TASK INSTRUCTIONS
The records must be duplicated exactly, with every picture left out.

RECORDS TO PROCESS
********
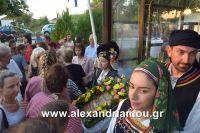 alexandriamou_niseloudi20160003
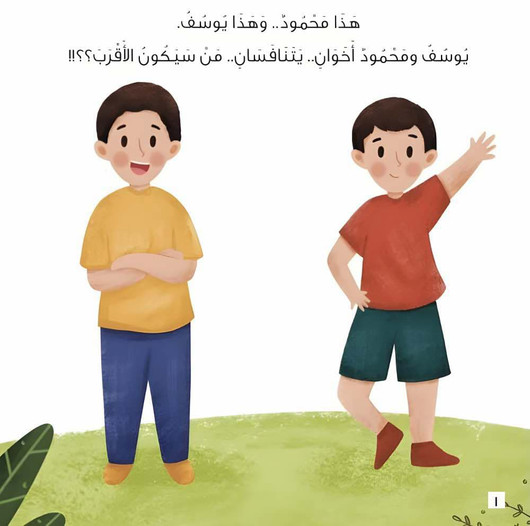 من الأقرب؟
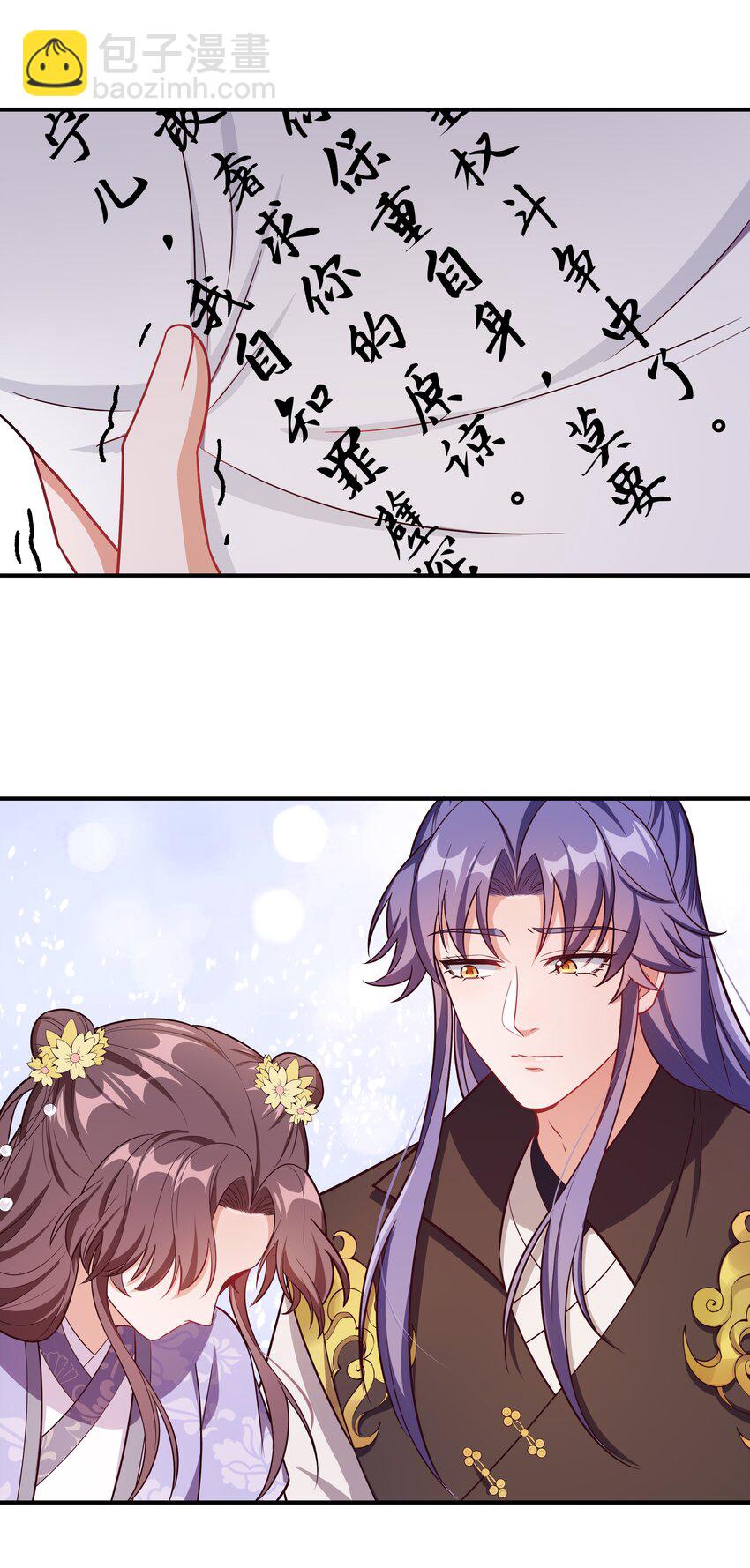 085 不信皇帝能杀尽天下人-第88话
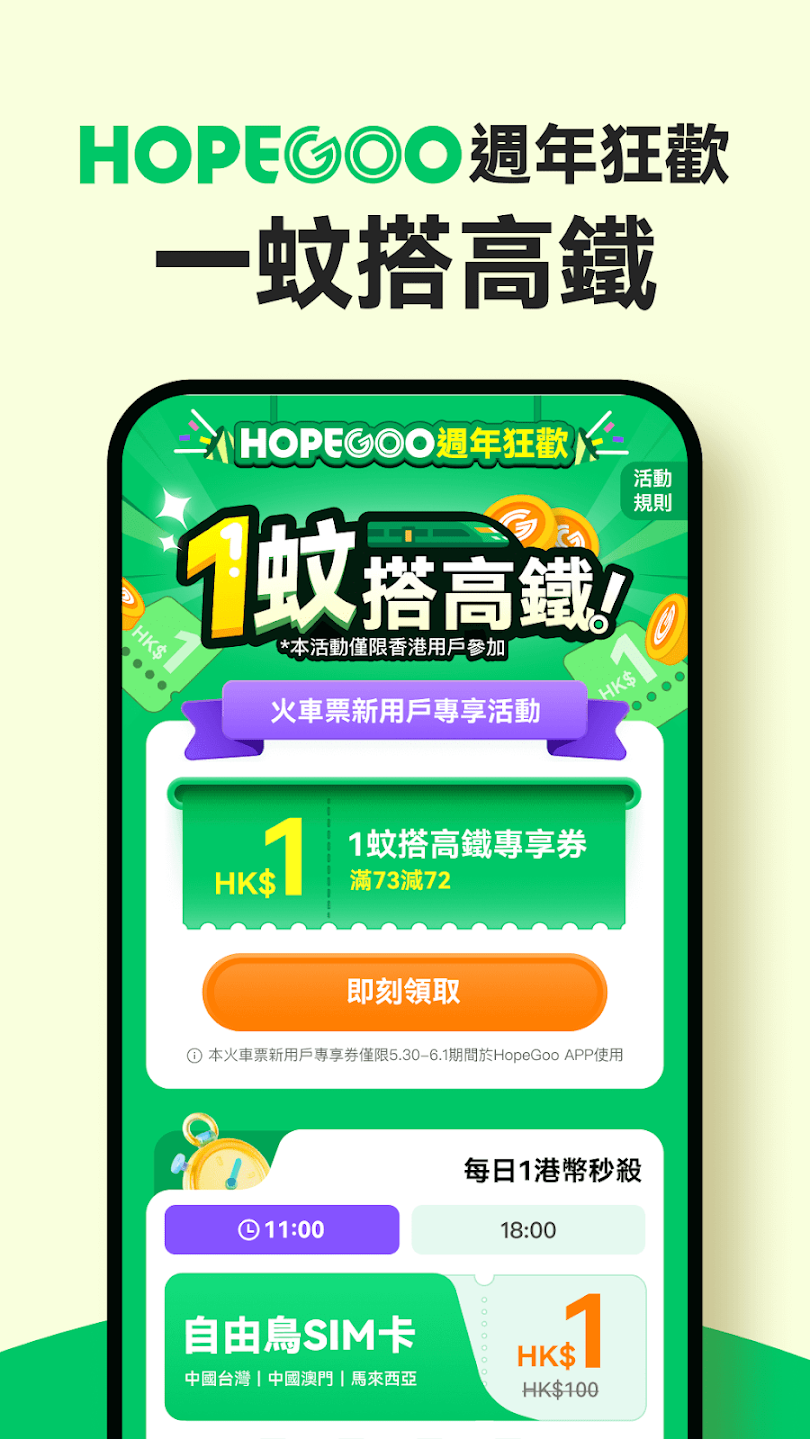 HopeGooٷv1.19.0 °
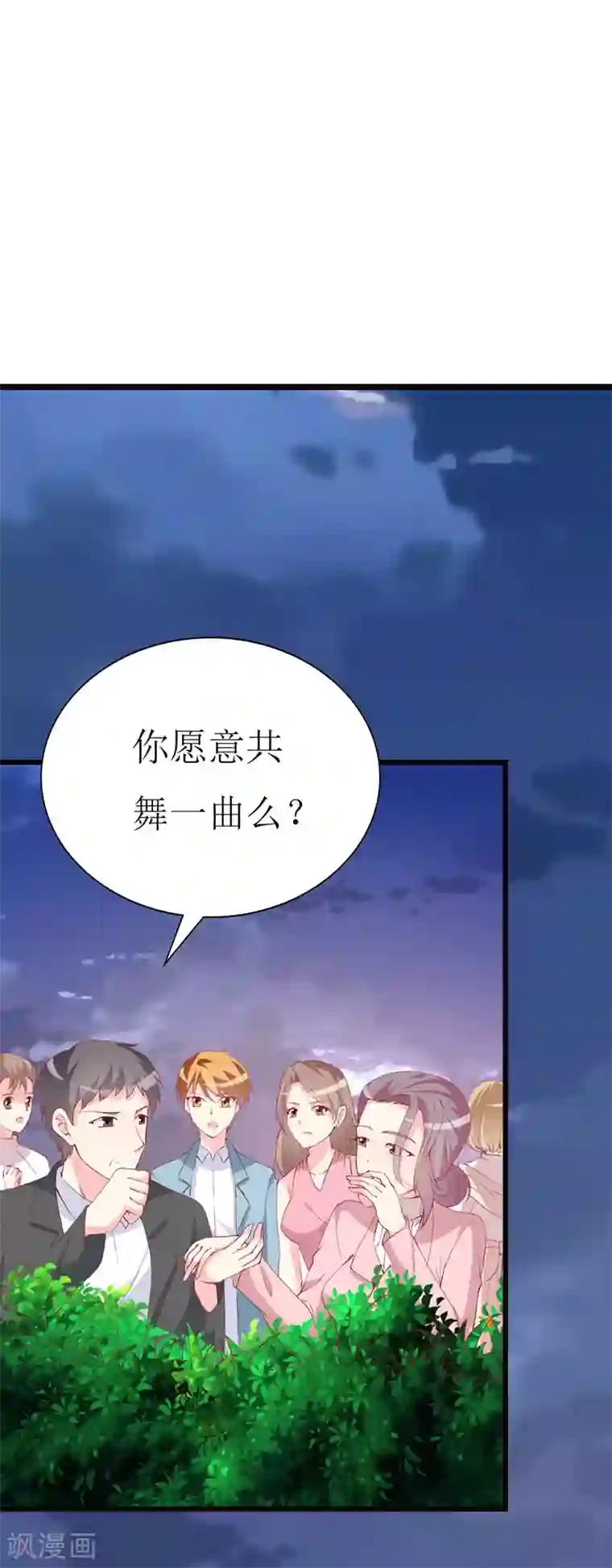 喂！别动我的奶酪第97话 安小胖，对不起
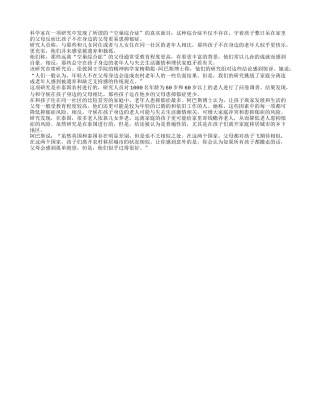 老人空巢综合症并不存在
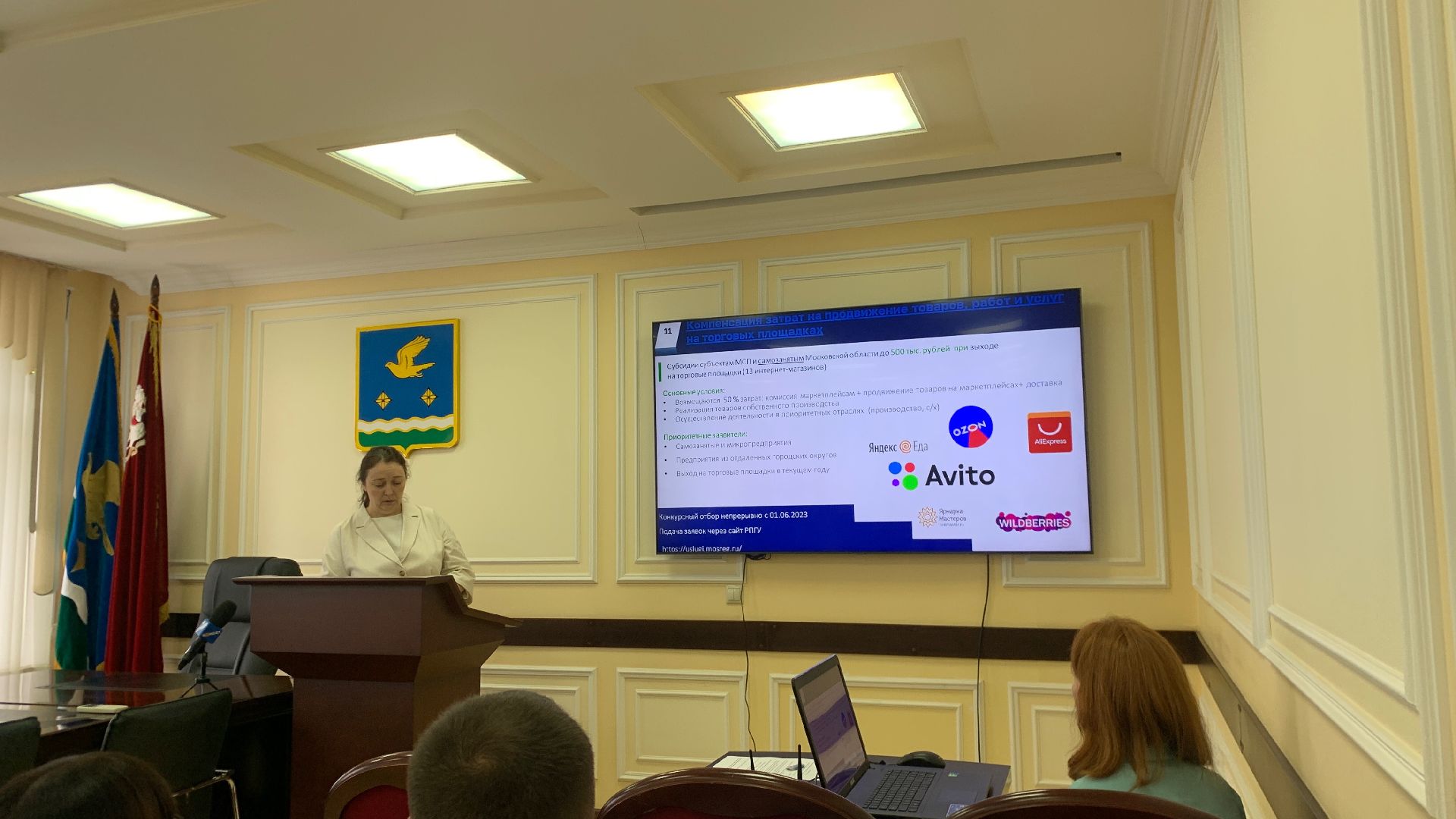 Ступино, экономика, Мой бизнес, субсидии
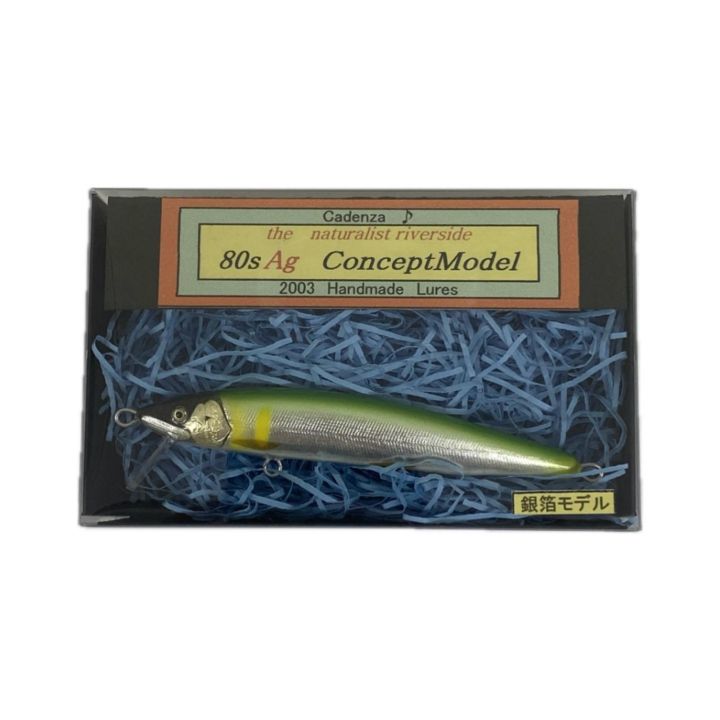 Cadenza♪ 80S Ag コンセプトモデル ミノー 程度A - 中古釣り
********
YOUR SOLUTION
 alexandriamou_niseloudi20160003
 من الأقرب؟
 085 不信皇帝能杀尽天下人-第88话
 HopeGooٷv1.19.0 °
 喂！别动我的奶酪第97话 安小胖，对不起
 老人空巢综合症并不存在
 Ступино, экономика, Мой бизнес, субсидии
 Cadenza♪ 80S Ag コンセプトモデル ミノー 程度A - 中古釣り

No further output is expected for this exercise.